Three-Legged Improv

I've only skyed downhill professionally Dan, but never with contestants throwing questions at me!
Well, that's the challenge Flapping Falcon, so to help you out here's a joystick!
If I knew about these, I would have used it in them to win the Olympics!

water balloon, pilot, suspense
 
First officer Jubbalaw Planethop glanced nervously over at the man piloting their Interplanetary Rocketship.
‘The Martians are firing water balloon at us captain, this is my first time running the Earth blockade and I don’t mind saying I’m terrified -do these Rocketships often explode?’
‘Not at all Jubbalaw,not at all, just relax -they only ever explode once, wait and you’ll see that I’m right.’

Trowel, chiropodist, documentary
 
Mr Wall told us that a trowel was used to perform delicate surgery on his broken foot which was then cast in cement rather than plaster. Furthermore, he was later sent home in a wheelbarrow instead of the customary wheelchair. We caught up with Dr Mason outside his surgery but he declined to be interviewed, swearing and striking our cameraman before driving off in a white van.

Sink, social media company's new owner, farce
 
Raj was proud of his new sink, and everyday uploaded new photos of his sink to Instagram. His account—Raj's sink—went so viral that he quickly became the most influecial Instagrammer in Instagram's history. With his new wealth he quickly acquired Facebook, Twitter, Snapchap, and finally Instagram itself, heralding a new era of sink focussed social media.
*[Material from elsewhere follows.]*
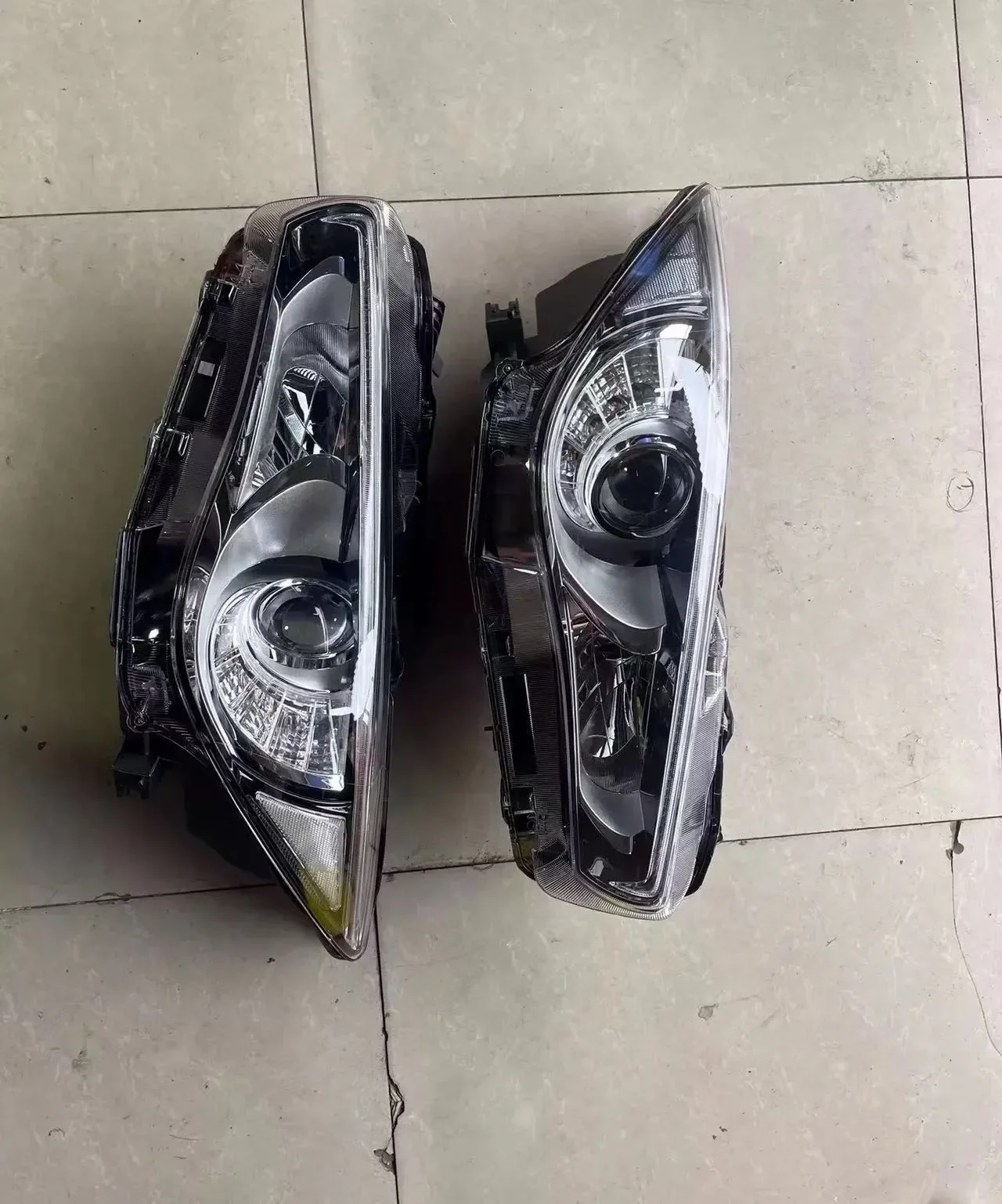 سيارة Led العلوي كشافات النهار تشغيل DRL رئيس مصباح منخفضة عالية شعاع بدوره إشارة لإنفينيتي q50l 15-21 #5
Concrete, con artist, school
 
Looking to start a new career in the exciting world of concrete mixing, but don’t want to deal with the hassle of going to a trade school?

Then enroll in Aquamac’s school of Cementing where you will be part of our Italian VR class in authentic Roman concrete mixing at our Italian campus.

And if you pay your tuition in full upon enrolment, we’ll send you 100lbs of our specialty imported Italian concrete mix to get you going on your first course, Making Your Own Pair of Designer Concrete Shoes.

blender, dog groomer, comedy mystery
 
Madame Fifi of Marseilles (née Shirley Blinski of the Bronx) stirred a soupçon of Chanel Number Five into the hypoallergenic shampoo in the blender, set it to stir, and watched the fragrant mixture bubble up merrily. Sir Thrackmorton von Woo-Woo, a Pekinese of unsullied pedigree, waited patiently for his weekly full body bath and massage. That was when two men wearing Donald Trump masks burst into the salon, grabbed the precious pooch, dropped a ransom note on von Woo-Woo's satin pillow, and ran off before Shirley could hit the off button, filling the floor with a very expensive wet mess.

bottle of whiskey, telegraph operator, Western
 
'Dash, dash, dot, splot, dash, dot, an before you say it, that splot is no mistake -Heindrick Gonzales may have been a thundering alcoholic, but he recorded every message perfect an never made a mistake in his life.'

'It just don't seem right, I'm full sure that should be Dash, dot, dot, dash, dash, dot ...an anyways, didn't the whiskey soaked fool just die trying to sneak up on Trigger from behind.'

'Now that there was no mistake, you can bet the ranch Trigger meant to kick him in the head.'

Shoe, Upholsterer, Crime reenactment
 
Shoe, Upholsterer, Crime reenactment

"It's all right, I'm a trained stunt sofa," said the Sofa.

The police officer delivered a roundhouse kick to the left-hand seat back with his size 10 Jimmy Choo, and the upholsterer leaned in for a better look at the results. "Uncanny," she said, "it pefectly matches the imprint on the victim."

Guitar, burglar, horror.
 
The guitar fell as the burglar entered the house, sounding a distinctive D major cord as it hit the floor.
As the burglar walked down the hallway, the sounds of a tuning guitar came ever nearer behind him.
Tuning soon became Flamenco, causing the burglar to panic and turn to see, "Attack of the Flying Flamenco Guitar!"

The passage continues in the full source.